4) “It takes a village.” Yes, I know it is an over-used cliche; but as Lesotho has taught me, it is a cliche because it is so true! Healthcare cannot be viewed solely through the lens of hospitals and doctors. Health starts at the grassroots level, and public health interventions need to be geared to this reality. As such, pediatricians and health care professionals in countries of all income levels need to actively engage in their communities and familiarize themselves with local resources and community stakeholders. That is why I am so grateful to have met and learned from Nthabeleng Lephoto, an incredible, humble change-maker who has given all as managing director of TTL. As a pediatrician-in-training, I’m so grateful for people like her and her team that have dedicated their entire lives to improving the health of kids and supporting families. Pediatricians couldn’t do our jobs without these community health warriors!

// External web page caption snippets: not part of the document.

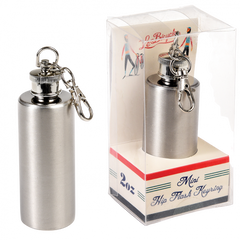 Le Bicycle Mini Hip Flask Keyring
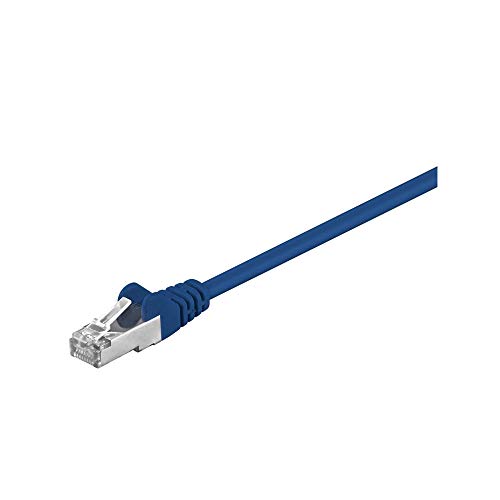 Goobay 68057 CAT 5e Patchkabel, SF/UTP, Blau von goobay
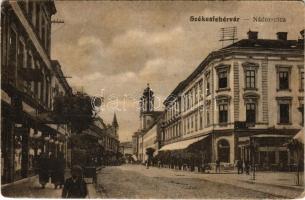 1917 Székesfehérvár, Nádor utca, üzletek (vágott / cut)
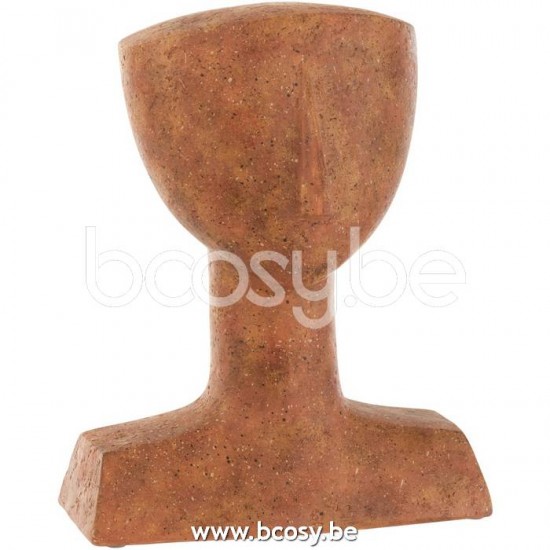 J Line 21546 Figuur Lea Poly Terracotta L25xB16xH31 cm figuren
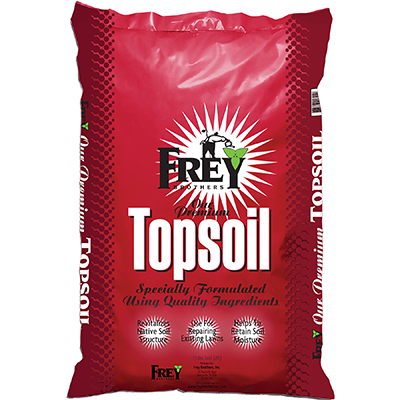 Frey Premium Topsoil - 1 cu ft Bag - Turfgrass Seed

Whenever I return to the USA from an experience abroad, there is always an element of “reverse-culture shock” as I reintegrate back into our healthcare structure. Recognizing the privilege of our national health systems, we must not forget how we can support grassroots organizations like TTL and our global community at large. While concurrently, as I reflect on all that I have witnessed and learned, I think that now more than ever that we as Americans should look to Lesotho as of model of profound commitment to community. We cannot underestimate its impact. In the end, there is so much the global community can accomplish when we work bi-directionally!